◆ **Supplied entries**:
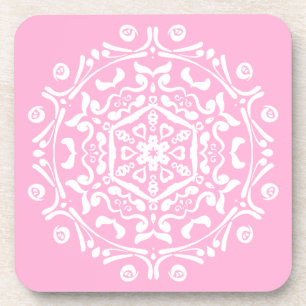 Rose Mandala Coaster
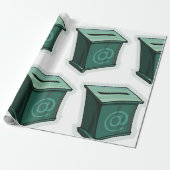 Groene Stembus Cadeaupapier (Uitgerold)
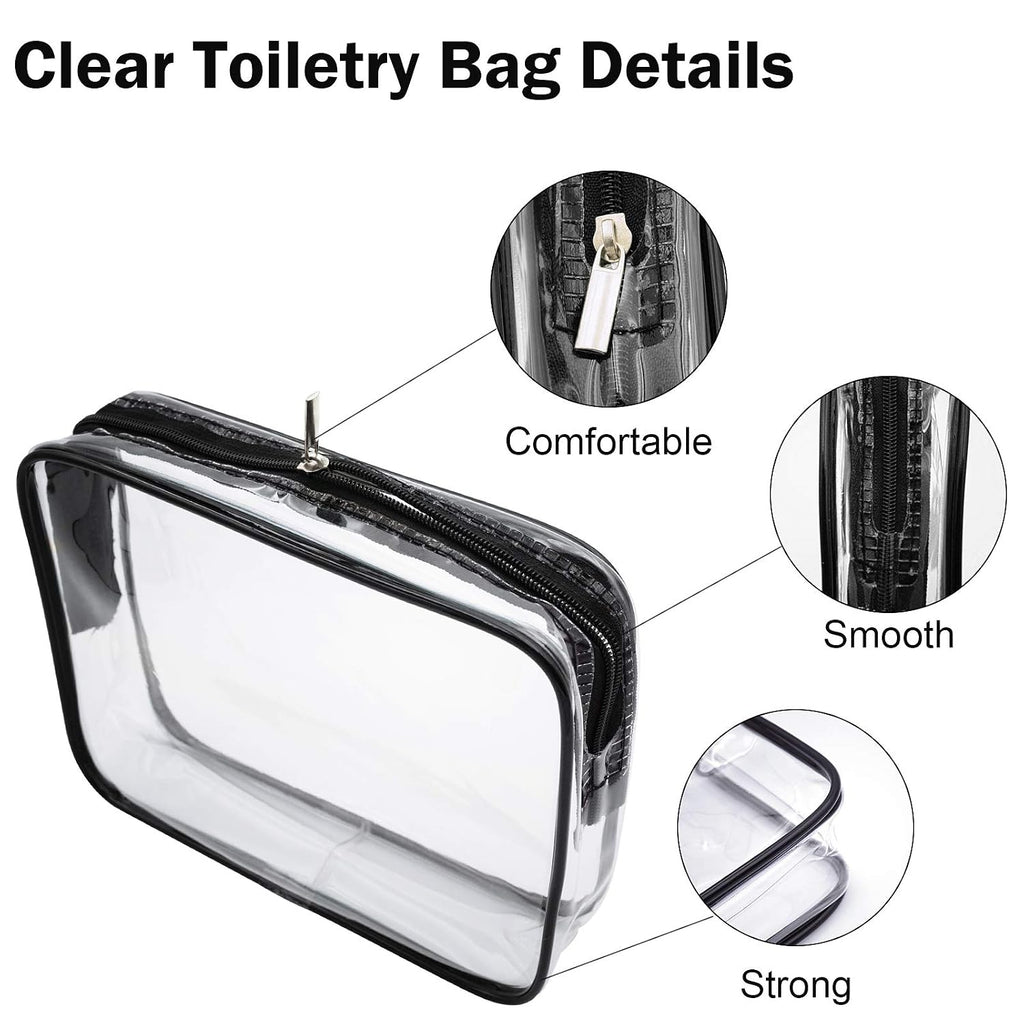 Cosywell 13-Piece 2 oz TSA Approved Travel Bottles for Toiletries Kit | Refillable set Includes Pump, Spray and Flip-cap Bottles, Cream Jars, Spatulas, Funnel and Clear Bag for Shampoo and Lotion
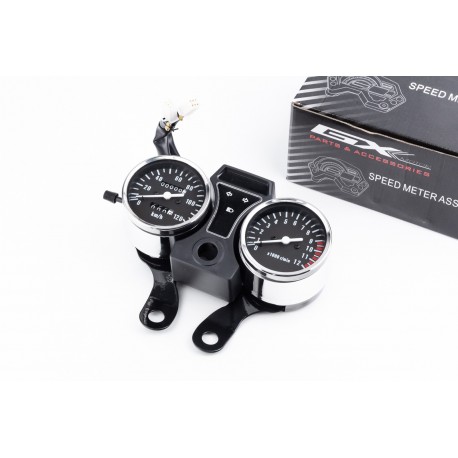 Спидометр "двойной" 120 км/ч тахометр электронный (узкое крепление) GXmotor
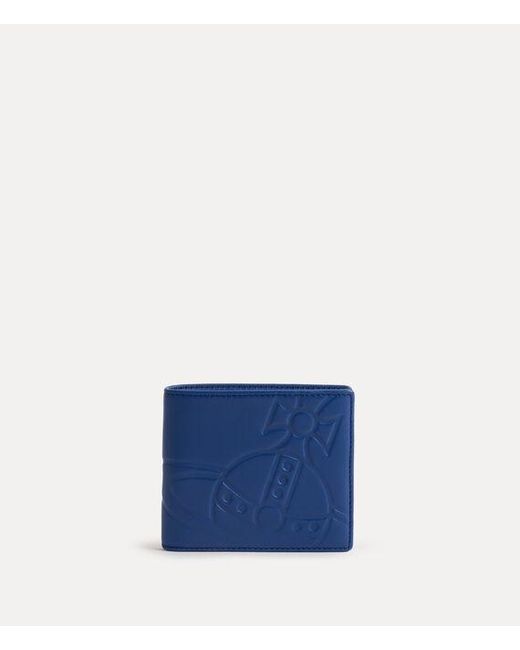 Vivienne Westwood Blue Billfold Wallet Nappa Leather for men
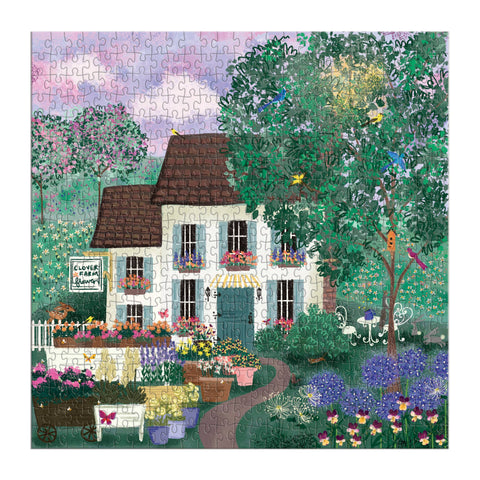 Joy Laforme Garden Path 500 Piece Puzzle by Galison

* * *

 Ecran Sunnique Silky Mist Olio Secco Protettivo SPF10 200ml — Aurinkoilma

---

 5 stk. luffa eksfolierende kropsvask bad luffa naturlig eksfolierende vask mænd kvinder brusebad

◆ **Your assignment**:
Reproduce exactly, with no pictures, the lines above from the one holding "Rose Mandala Coaster" to the one holding "Cosywell 13-Piece 2", inclusive.

◆ **Written response**:
 Rose Mandala Coaster
 Groene Stembus Cadeaupapier (Uitgerold)
 Cosywell 13-Piece 2 oz TSA Approved Travel Bottles for Toiletries Kit | Refillable set Includes Pump, Spray and Flip-cap Bottles, Cream Jars, Spatulas, Funnel and Clear Bag for Shampoo and Lotion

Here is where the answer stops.